说着说着,太医自己陷入了一种入定的感觉,自己抚着白胡子站在那里不动了。
跟个雕像似的。
……
……你可以走了。
沈时荇在心里把刚才太子没说完的话给他补上,又同情地看了殷怀璧一眼——他满脸感激,只不过不是对着太子,而是对着她。
她可就不会端着呢,有恩于你,那你可得好好为我办事了。
她嘿嘿笑了一声,忙换上一副“乖孙女”的模样,笑得乖极了,走到入定的太医身边,她搀着太医的胳膊,太医一个哆嗦,从入定的状态里抽身出来,这才进入了“现实世界”,她一步一步把人往外扯着走转移太医的注意力,“太医大人啊,我有个事儿请教一下您呗……”

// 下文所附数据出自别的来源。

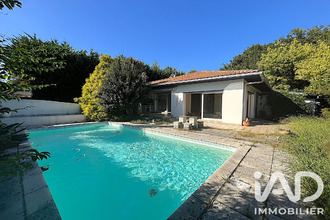 achat maison ciboure 64500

沈时荇成功把人带走了,太子也没管这个“告退不告退”的问题,走到殷怀璧身边,冷笑一声,“沈时荇随便就把花娘身上的毒解了,你真是个既没用还屁事儿多的老东西。”
殷怀璧一脸难过,又无辜的样子,“徒儿啊,为师发誓,这些年头绝对是对你倾囊相授呢,没有功劳也算辛辛苦苦勤勤恳恳呐……”
闻言,太子心想,还真是低估了他不要脸的程度,殷怀璧真是个没脸没皮的,竟然把话说得如此面不红心不跳。

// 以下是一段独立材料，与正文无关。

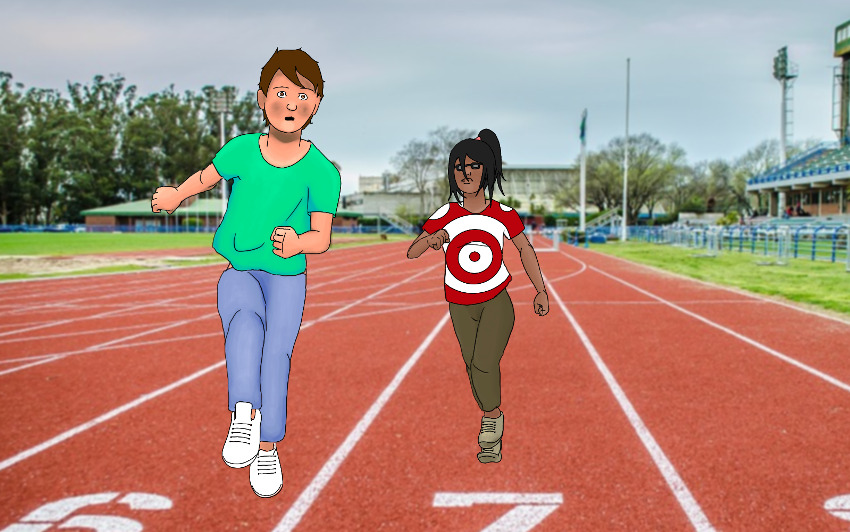 Desafiate a ti mismo; es el único camino que conduce al crecimiento, Morgan Freeman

太子心梗,“抢走了孤的几条街的商铺,收入囊中,还把全京城地段最好的地皮打通,只建造了你那一座宅子,动用了多少能工巧匠?耗费了多少珍贵建材?你心里恐怕没个bi数吧?”太子深呼吸,即便是现在想起来也有些肉疼,“还起了个脑残的名字?”
真是把好东西全都给糟蹋了。
殷怀璧还想狡辩,哦不,说点什么,床上传来一声动静,“喝水……”
两人之间的话戛然而止。
原来是花娘醒了,殷怀璧连滚带爬,就和之前死了的那个太监一样狗腿子,几乎是扑过去,把水满上,又一脸殷勤地给人端过来,喂上。
啧啧啧。
太子内心更看不上这个狗东西了,人家两个在那儿寒暄,他坐在一边也无事,就站起来,朝着门外走去。

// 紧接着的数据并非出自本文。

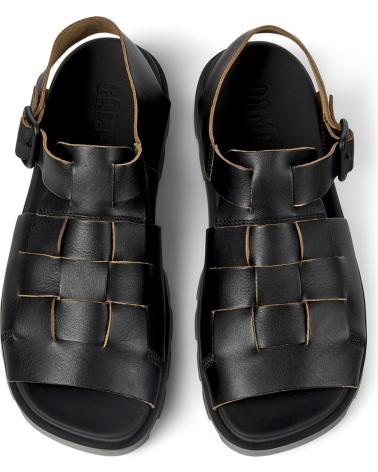 Sandales pour Femme CAMPER SANDALIAS BRUTUS K201397 BLACK005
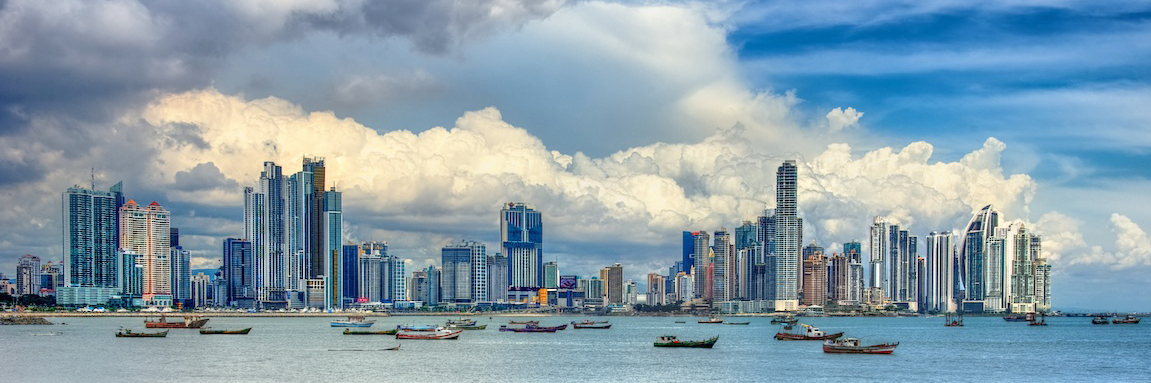 panama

刚出去,就被一阵风吹得下意识眯上了眼睛,有些宽大的衣袂扫过门槛高台,猎猎作响,下一秒,有什么东西糊到了他的脸上,他伸手拿下,这才看到,原来是一瓣海棠花。
树下,独站一美人。
”你在干什么?”
他走向她,一路上都是白色和粉红搭好的桥,一路过来,一路坚定,走至尽头,他在纷飞的海棠之中勾起她的下巴,抬高,把花瓣放在了她的唇珠之上,探身轻点,啄入口中,竟把那花瓣咽下了。
当真是唇红齿白。
她主动勾上他的脖子,像他抚摸她的唇瓣那样划过他的,然后贴上,与他共尝一片花。
片刻后。
两个人难舍难分,直到最后沈时荇娇嫩着垂下了自己的额,双手却还紧紧勾着他,交颈依偎着,几个呼吸后,好不容音找回一些嗅觉,她才惊觉自己的鼻息之中,唇齿之下,竟都是刚才那朵花的醇香,顿觉她是不是进入了妖精的迷魂洞,不然,怎么会觉得双脚没有踩在地上呢,如坠云端?
明明是她在勾他。
却又让他反客为主。
在这一方小小的天地之下。
里面,殷怀璧在房间里,正在与花娘熟络感情,殷怀璧的小心翼翼和花娘的浅笑成了一副绝美的画面,她的回忆都有些遗忘了,只好问他,他自当是竭尽全力把自己印象中的所有有关的事情都跟花娘讲了一遍,让她回忆起来。太子即便是这个时候,正在欣赏自己的“杰作”——沈时荇的红透半边天的唇,真是让人丢不开,还能分出一点心思给屋内的那对人——花娘已经“沉睡”太久了,久到太子都忘记了这个传奇女子之前的事迹。
外面,太子和沈时荇站在院子里,海棠树下,海棠花中,相视而笑,情之所至,缠绵悱恻,温言软语,沉浸其中不肯罢休。
果然,有情人总会走向他们的结局。